## WHAT YOU HAVE TO DO
Whenever an image turns up, omit it and return the remaining data exactly.

+---+

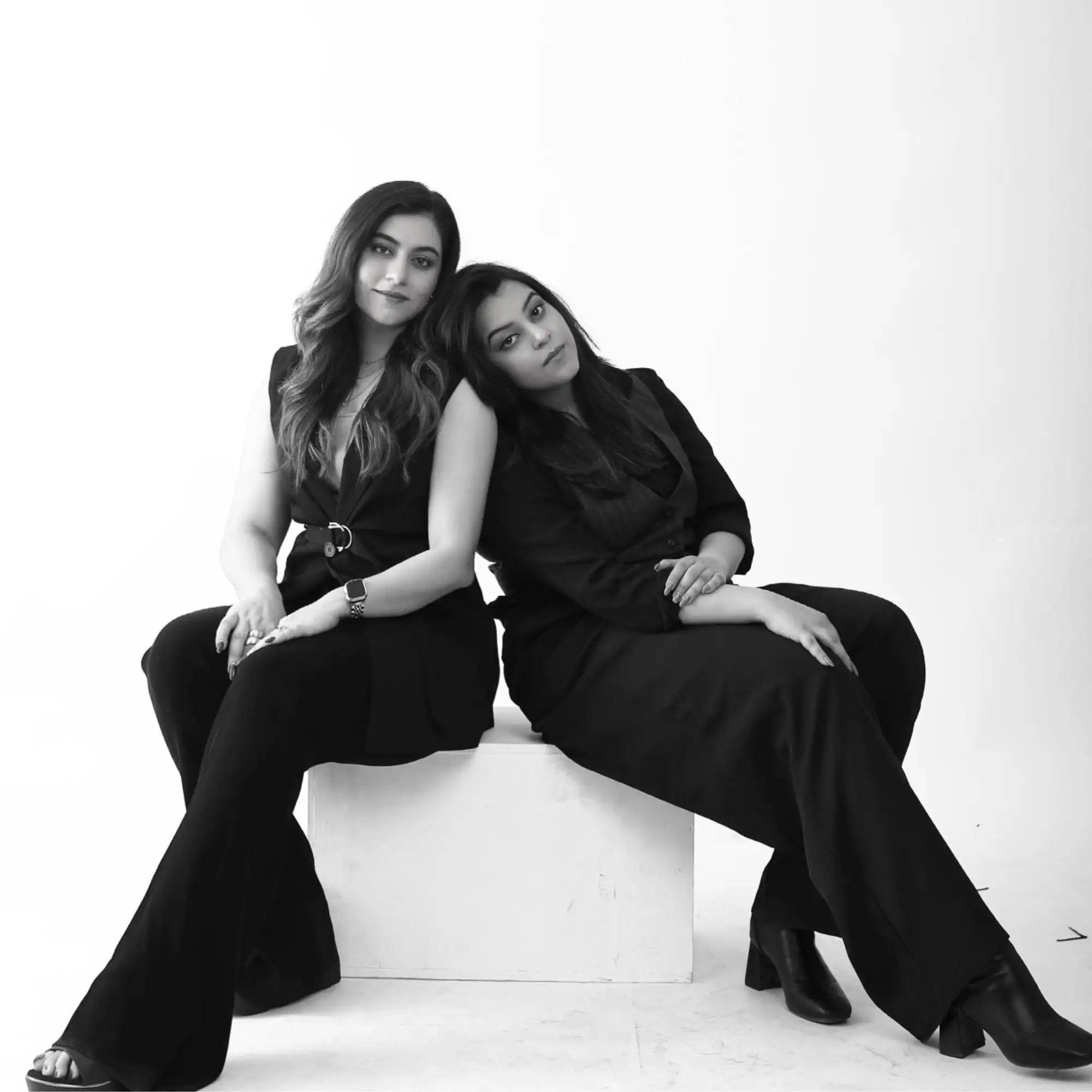 Black and white photograph of two women sitting on a cube.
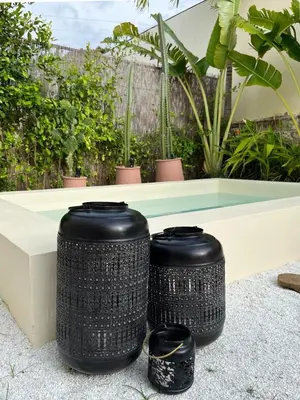 two black wicker trash cans sitting next to a bench at Villa Privada con Piscina - Playas del Atlantico in Tubará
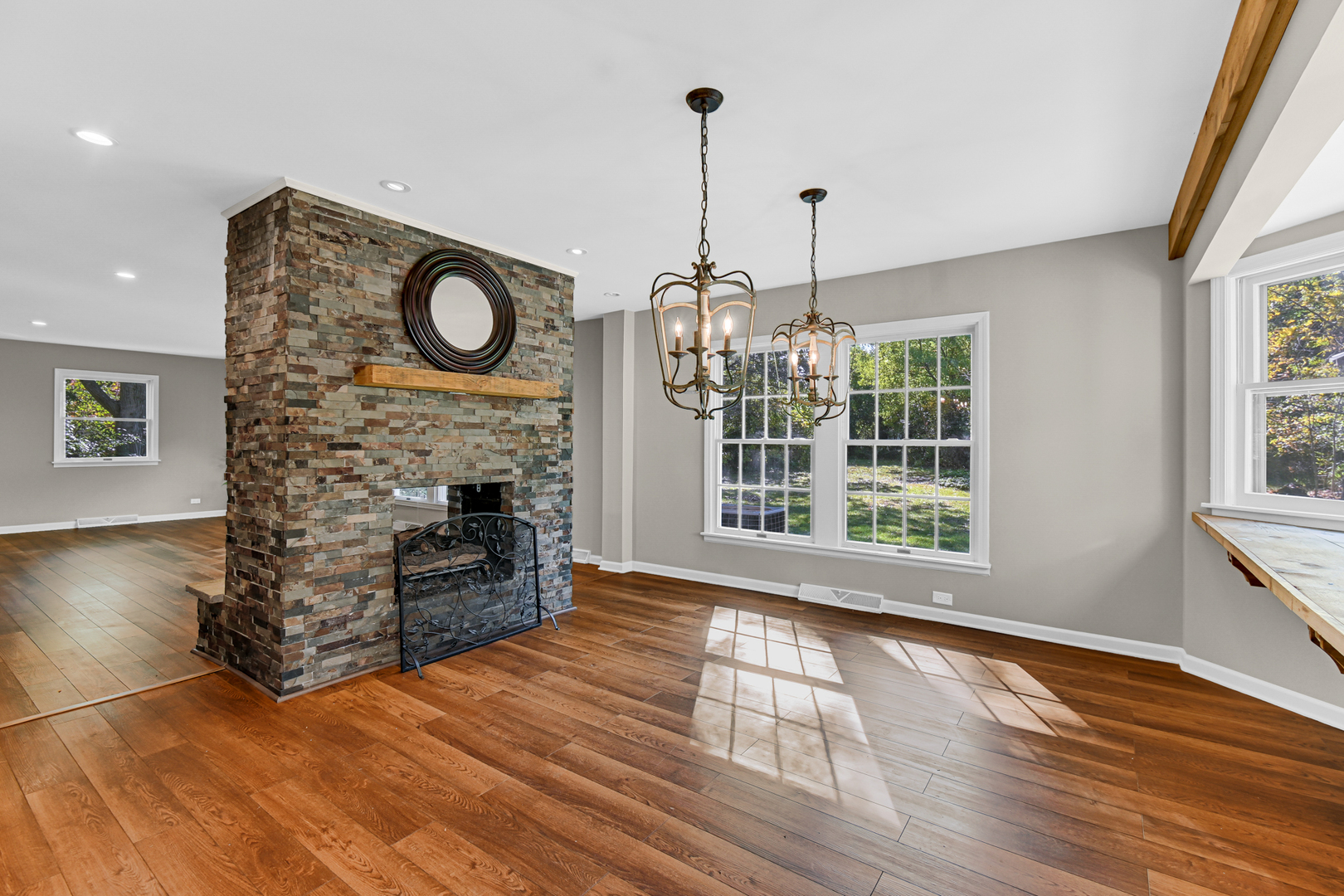 106 Cornwall Drive Crete, IL 60417 - Photo 7 of 29 a view of an empty room with a window and wooden floor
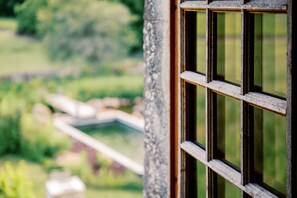 A close-up of a wooden window frame with a blurred outdoor view. - Manoir de Jouralem (Blaison-Saint-Sulpice)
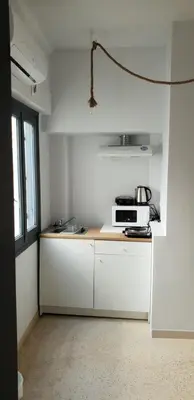 a kitchen with white cabinets and a microwave on a counter at athens.apartotel.2 in Athens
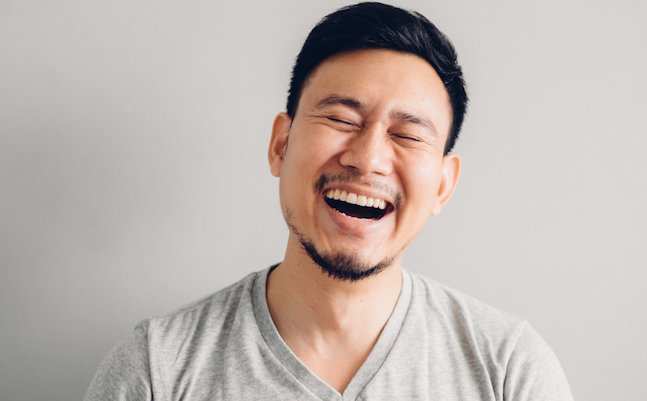 Headshot,Photo,Of,Asian,Man,With,Laugh,Face.,On,Grey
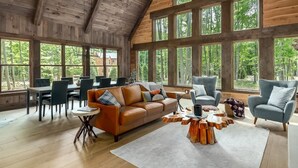A spacious living area with a high ceiling, large windows, a wooden interior, a leather sofa, a coffee table, and a dining area with chairs and a table.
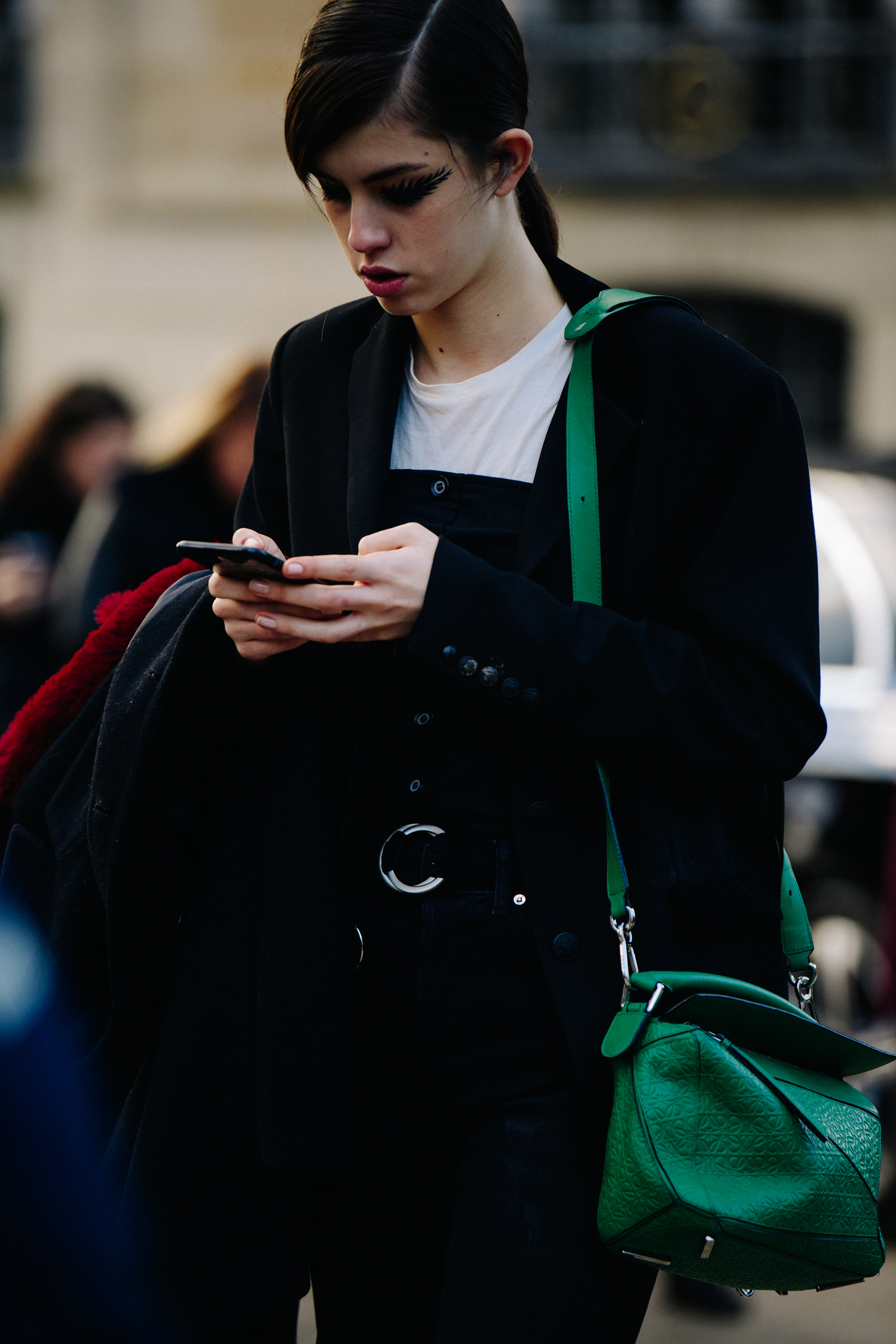 Australian model holding green bag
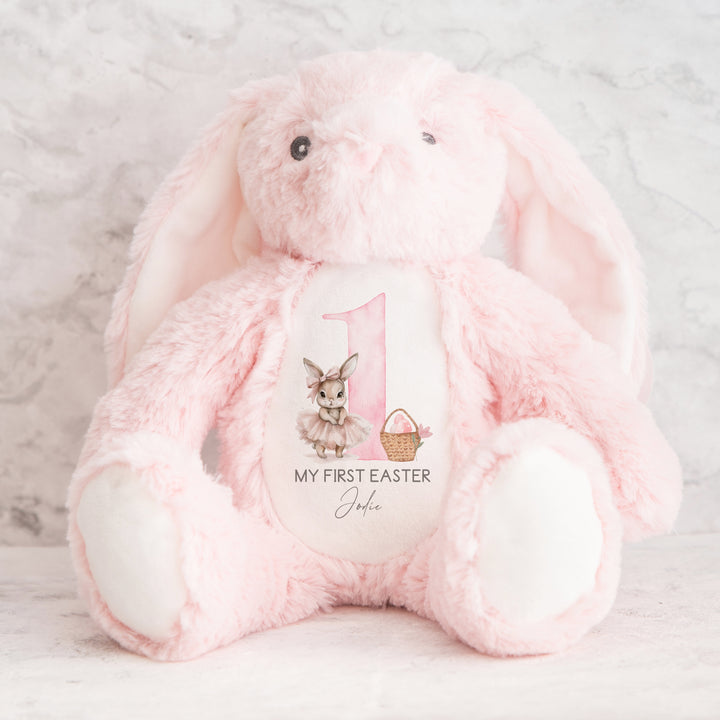 Personalised pink bunny Easter teddy that says 'My First Easter Jodie'. This design features a big pink 1 with a ballerina bunny one side and an Easter basket with pink eggs in it on the other side. 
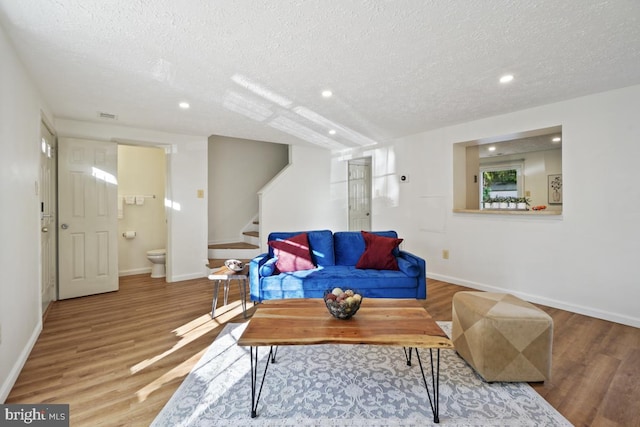 living room with hardwood / wood-style floors and a textured ceiling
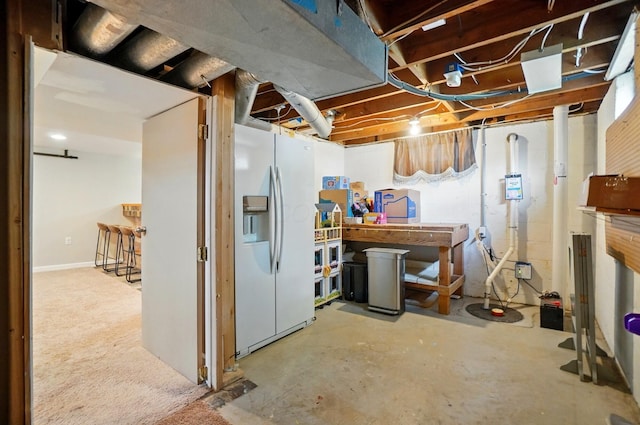 unfinished basement featuring white refrigerator with ice dispenser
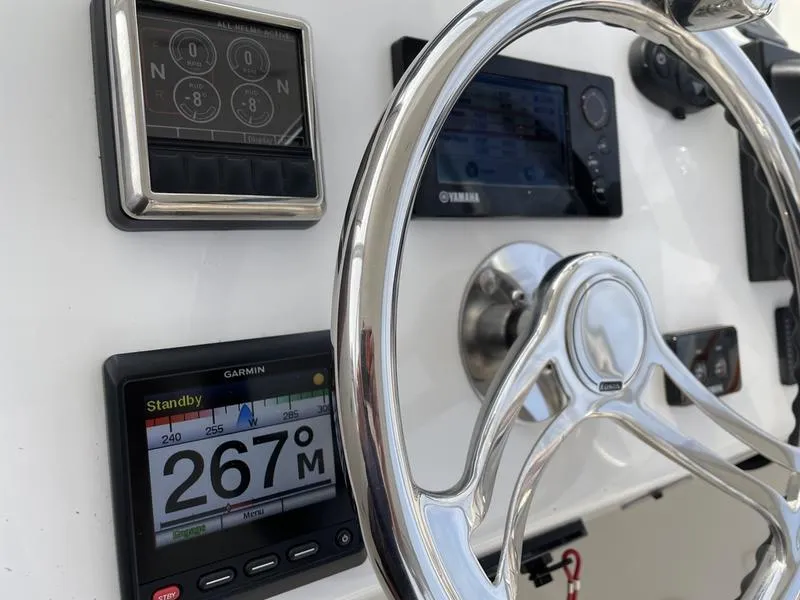 Slide: The Image of Close-up of 2016 Jarrett Bay 32 WALK AROUND helm with Garmin and Yamaha displays. - 17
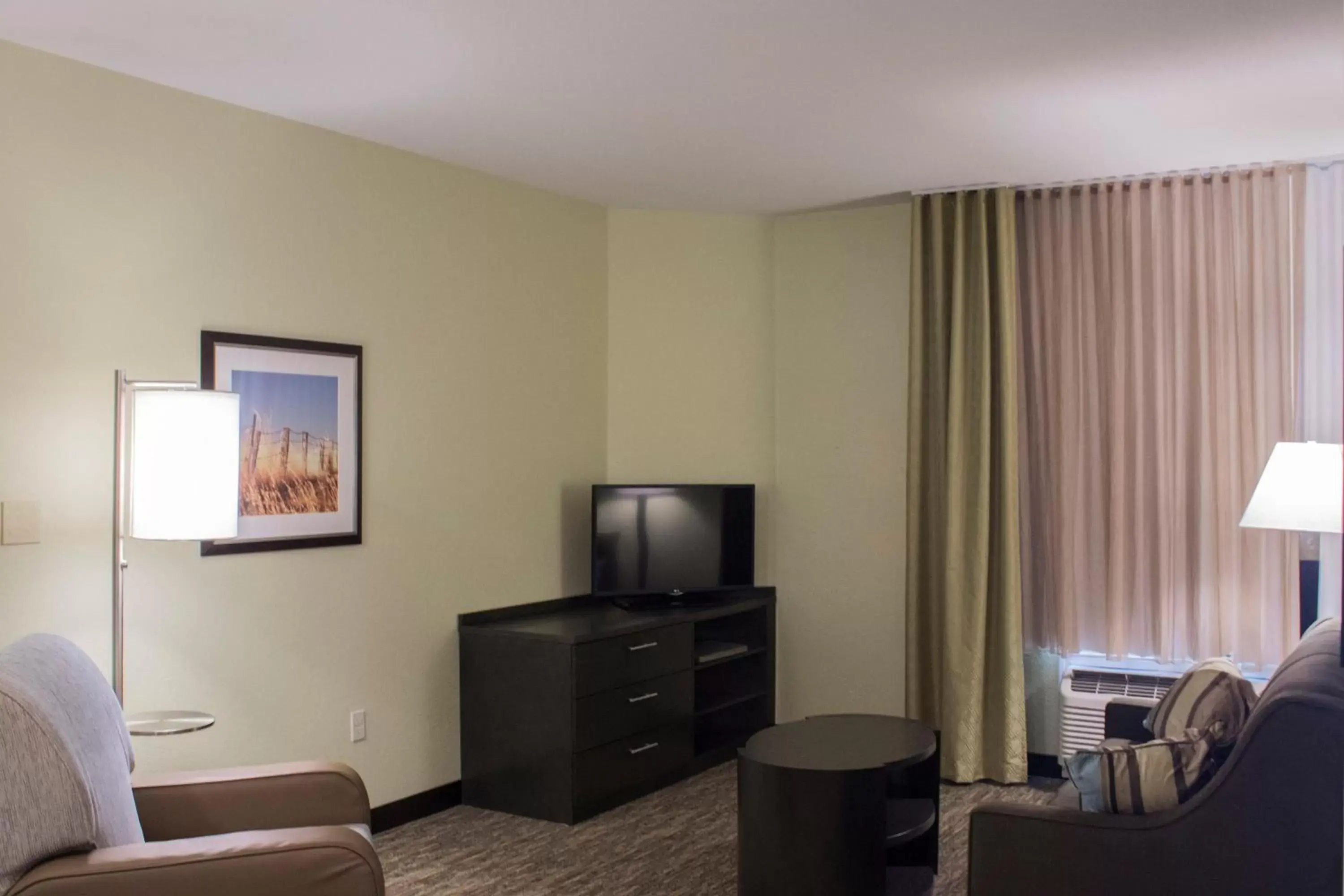 Photo of the whole room, TV/Entertainment Center in Candlewood Suites Bismarck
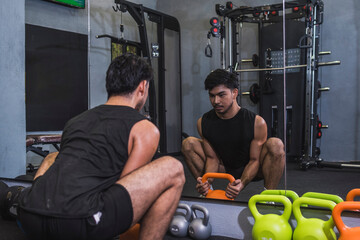 An asian man grabs an orange kettlebell from the floor to do a set of goblet squats. Training legs at the gym.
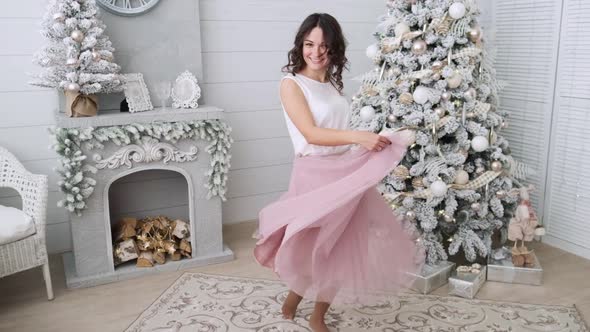 Beautiful Girl Woman Near Christmas Tree Smiling Dancing in Beautiful Dress in Decorated House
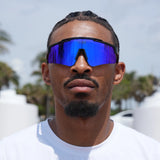 Blue-mirrored LosReyes Prime Polarized sunglasses on a basketball player – high-energy style meets court-ready durability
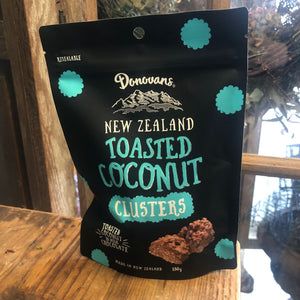 At Blanc Flowers we all love Donovans NZ Toasted Coconut Clusters, 150 g packet black packaging with yellow writing.
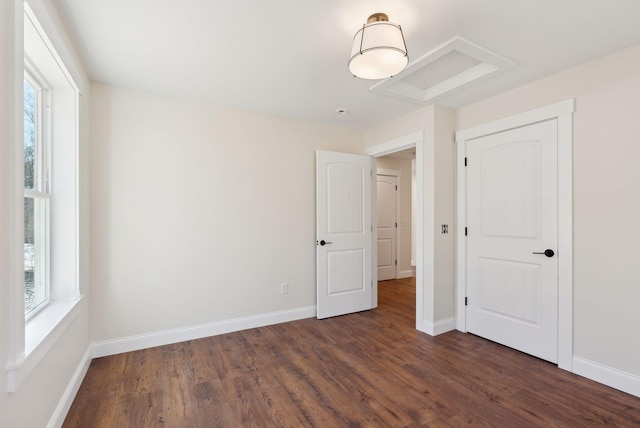 1540 Foxes Ridge Rd, Acton, ME 04001 - unfurnished bedroom featuring dark wood-style floors, multiple windows, and baseboards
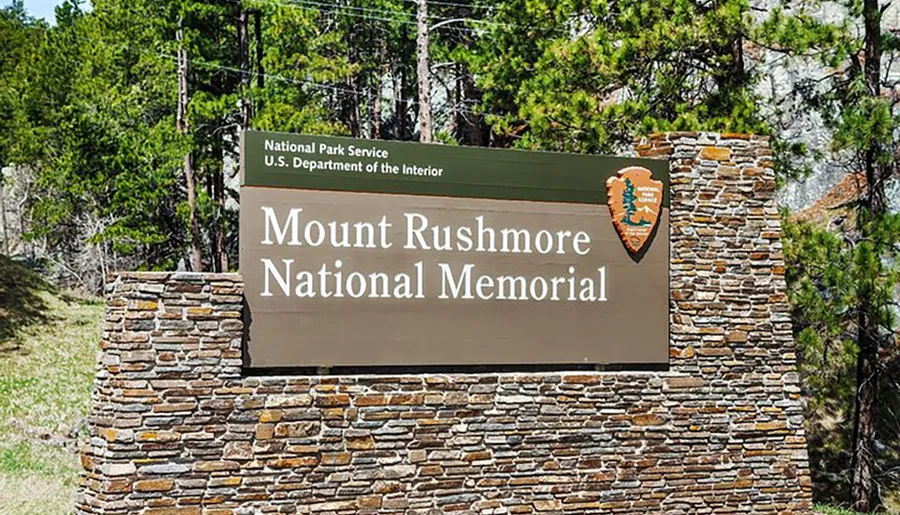The image shows the entrance sign for Mount Rushmore National Memorial, with the National Park Service emblem, indicating it is a site managed by the U.S. Department of the Interior.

+---+

## WRITTEN RESPONSE
 Black and white photograph of two women sitting on a cube.
 two black wicker trash cans sitting next to a bench at Villa Privada con Piscina - Playas del Atlantico in Tubará
 106 Cornwall Drive Crete, IL 60417 - Photo 7 of 29 a view of an empty room with a window and wooden floor
 A close-up of a wooden window frame with a blurred outdoor view. - Manoir de Jouralem (Blaison-Saint-Sulpice)
 a kitchen with white cabinets and a microwave on a counter at athens.apartotel.2 in Athens
 Headshot,Photo,Of,Asian,Man,With,Laugh,Face.,On,Grey
A spacious living area with a high ceiling, large windows, a wooden interior, a leather sofa, a coffee table, and a dining area with chairs and a table.
 Australian model holding green bag
 Personalised pink bunny Easter teddy that says 'My First Easter Jodie'. This design features a big pink 1 with a ballerina bunny one side and an Easter basket with pink eggs in it on the other side. 
 living room with hardwood / wood-style floors and a textured ceiling
 unfinished basement featuring white refrigerator with ice dispenser
 Slide: The Image of Close-up of 2016 Jarrett Bay 32 WALK AROUND helm with Garmin and Yamaha displays. - 17
 Photo of the whole room, TV/Entertainment Center in Candlewood Suites Bismarck
 An asian man grabs an orange kettlebell from the floor to do a set of goblet squats. Training legs at the gym.
 Beautiful Girl Woman Near Christmas Tree Smiling Dancing in Beautiful Dress in Decorated House
 Blue-mirrored LosReyes Prime Polarized sunglasses on a basketball player – high-energy style meets court-ready durability
 At Blanc Flowers we all love Donovans NZ Toasted Coconut Clusters, 150 g packet black packaging with yellow writing.
 1540 Foxes Ridge Rd, Acton, ME 04001 - unfurnished bedroom featuring dark wood-style floors, multiple windows, and baseboards
The image shows the entrance sign for Mount Rushmore National Memorial, with the National Park Service emblem, indicating it is a site managed by the U.S. Department of the Interior.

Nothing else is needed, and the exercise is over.